Mr. Shermer said he had grown uncomfortable with how Mr. Taunton had, in interviews, used the metaphor of “keeping two books,” to refer to Mr. Hitchens’s bifurcated selves, one public and atheist, the other private and curious about religion. In the book, Mr. Taunton attributes the metaphor to Hitchens himself.

“In reality,” Mr. Shermer said, “there is no two books in a deceitful way.” But without that assertion about Mr. Hitchens, he “doesn’t have an interesting media story.” Mr. Shermer said it was just not believable that Hitchens was having doubts about his atheism, doubts shared with Mr. Taunton but almost nobody else.

“But you mean his wife, his family, his books, every interview he ever gave was all deceitful, but you, you got the real story?” he said, referring to Mr. Taunton. “I don’t think so.”

Mr. Taunton said he was planning to remove Mr.
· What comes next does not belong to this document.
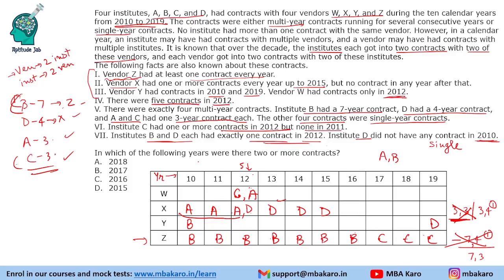Question 1: Which of the following years had two or more contracts? Out of the given years — 2015, 2016, 2017, 2018 — if we see, in 2015 there were multiple contracts. So the answer is 2015.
Shermer’s book blurb, but he questioned his motives.

“Could the man look any more silly to have written a glowing endorsement only to withdraw it when he took a bit of heat from his fans?” Mr. Taunton asked in an email.

Mr. Wilson agreed that, whatever the truth about Mr. Hitchens’s dying beliefs, the intrigue makes for a good story.

“Christians like the idea of saved in the nick of time,” he said. “They like the idea of a cliffhanger ending.”